Intel felt that there was no longer any value proposition in the NT marketplace. The company just couldn't see distributed network computing as its future, and the home-PC industry hasn't been giving the company the investment return it expected. In addition, Intel just wasn't seeing the performance and scalability that its chips should have delivered, and announced that Microsoft was entirely to blame. Sources also recently revealed that Intel will drop Windows 95 support by April 1, 1998. The home computer/game market, Intel has reported, will be left to those with a vested interest, such as Nintendo.

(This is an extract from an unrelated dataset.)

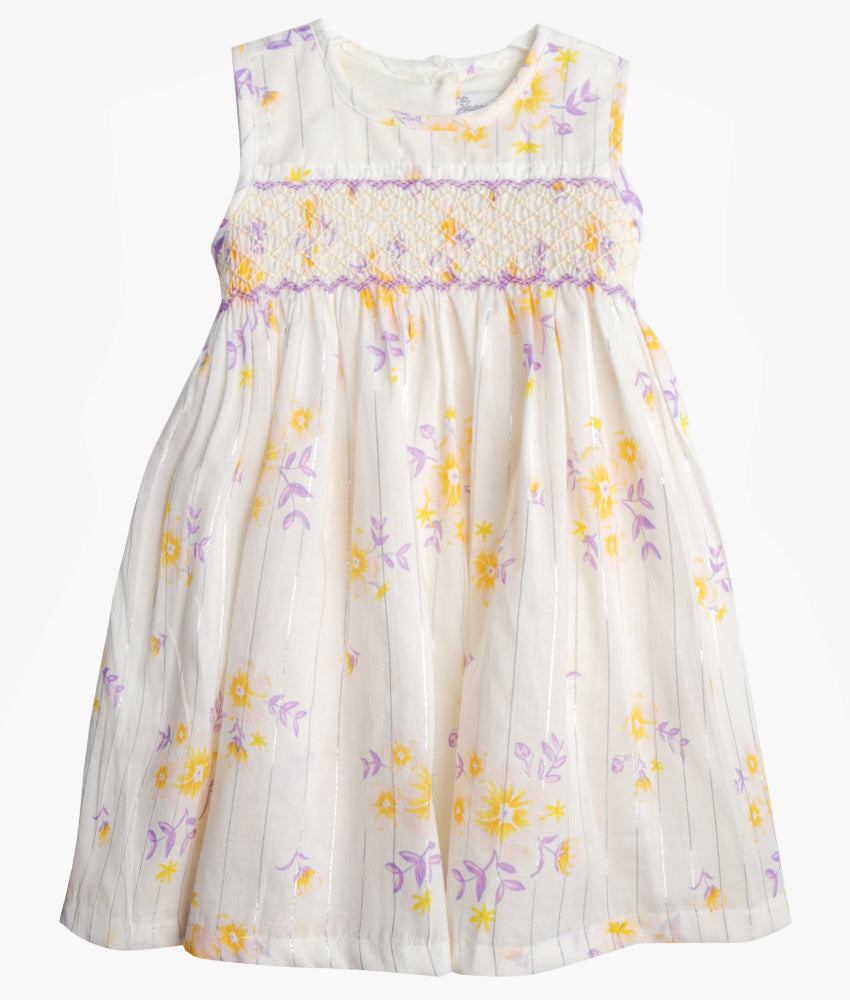 Emma Yellow Floral Purple Smocked Baby Dress | Shop online | Elegant ...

Intel executives see much more market opportunity in the traffic-sign industry. They have refocused Intel 100 percent on automated street signs, and the company's embedded systems applications will allow it to build up to four- and eight-way Pentium Pro-powered stop lights. Zero-tolerance for traffic jams is Intel's motto--you'll never be late for work again!
Fedora Wilson
Active Altair
As part of Microsoft's continuing efforts to be 100 percent backwards-compatible, it has ported Windows NT 4.0 Server to the Altair platform, as of April 1. This new 8-bit version of NT sports single-bit encryption, a full 64KB virtual memory space, support for 360KB floppies, and serial-port networking.
The new 4-LED interface lets users know whether the system is on or off, displays processor utilization (each retried instruction is mirrored by a flash), gives a logical on/off compute result, and has a last diode that is user-configurable. This expressive, flexible, and dynamic interface will move NT into the home computer market. Bill Gates said, "Ease of use is our primary goal here. We wanted to take home computing to its next logical step, and the Internet just wasn't hacking it."
The expected price for a 10-user license pack is staying at $995, firming up Microsoft's commitment to users to keep NT as much of a value-oriented OS as it is enterprise-aware.